Say how many lines in the data below contain the word "want", and give no other text.

(The input)

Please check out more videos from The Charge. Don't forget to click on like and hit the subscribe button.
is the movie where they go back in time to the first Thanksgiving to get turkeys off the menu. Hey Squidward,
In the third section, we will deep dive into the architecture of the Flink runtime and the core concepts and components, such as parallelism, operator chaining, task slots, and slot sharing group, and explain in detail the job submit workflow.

(End The input)
(The input)

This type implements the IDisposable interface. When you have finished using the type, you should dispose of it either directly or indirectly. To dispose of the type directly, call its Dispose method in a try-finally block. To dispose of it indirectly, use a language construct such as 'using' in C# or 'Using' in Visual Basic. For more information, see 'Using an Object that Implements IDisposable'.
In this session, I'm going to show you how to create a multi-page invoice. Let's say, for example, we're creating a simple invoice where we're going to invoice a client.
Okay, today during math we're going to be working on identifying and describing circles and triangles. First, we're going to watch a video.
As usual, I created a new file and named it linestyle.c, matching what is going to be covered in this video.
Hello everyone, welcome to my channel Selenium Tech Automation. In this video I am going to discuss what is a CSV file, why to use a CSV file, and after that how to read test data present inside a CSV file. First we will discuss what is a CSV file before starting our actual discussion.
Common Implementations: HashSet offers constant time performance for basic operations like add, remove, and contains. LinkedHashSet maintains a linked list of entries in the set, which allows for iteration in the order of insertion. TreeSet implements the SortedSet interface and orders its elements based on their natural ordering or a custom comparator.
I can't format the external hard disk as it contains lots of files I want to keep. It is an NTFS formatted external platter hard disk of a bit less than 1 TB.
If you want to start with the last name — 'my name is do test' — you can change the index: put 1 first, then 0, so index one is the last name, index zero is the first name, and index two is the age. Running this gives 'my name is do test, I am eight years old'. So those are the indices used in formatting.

(End The input)

**Response:**
2